Tuesday, January 20, 2009

Inauguration Day, 2009: A View from Oxford

It is Inauguration Day, and I homebound with allergies, laden with sneezes and a nonstop nose. That's the bad news. The good news - - I witnessed American history at one of it's defining moments.

The faces in the crowd, smiles plumped-up with hope, all waving at the media. You realize there is so much riding on this man, his policies, and the precedent he will set into play. We can hope his presidency will set into domino motion a time of renewed personal responsibility, intellectual curiosity and innovation, and knowing we can change through sacrifice. Success will be require community effort.
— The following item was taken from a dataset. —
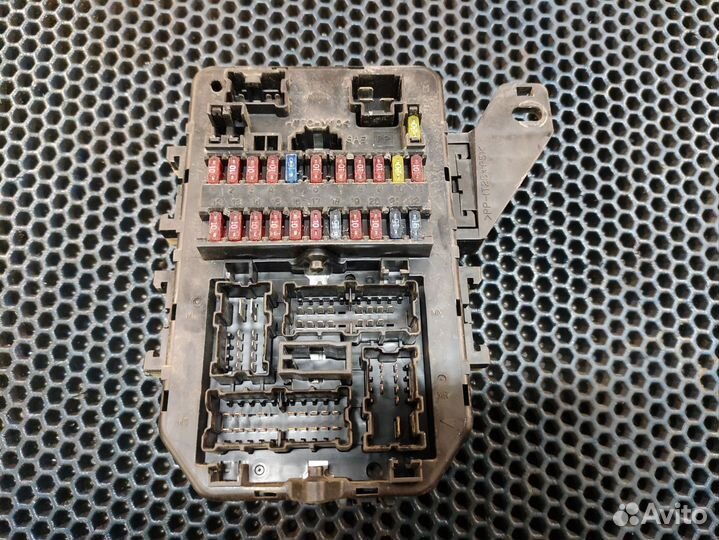 Блок предохранителей Nissan gloria y34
No one ever does it alone.

An unidentified woman popped on the screen wearing a pink bowl hat holding a handscratched sign that read, "The future is watching." Yes they were.

With all that said, I have memories scanning President Kennedy speeches and funeral, the MLK assassination, the first moon walk (and it wasn't Michael Jackson), and the first live satellite concert when Elvis rocked his pelvis from Hawaii. Yet I cannot recall a benchmark time when so many were on the same page - - When so many took breath of the same thread of history and commonality, strung together by patriotism and the wow of technology. Surely this was a capstone of American history.

May tomorrow find us with equal enthusiasm and lungs still full of fresh air - - committed to all that was celebrated today.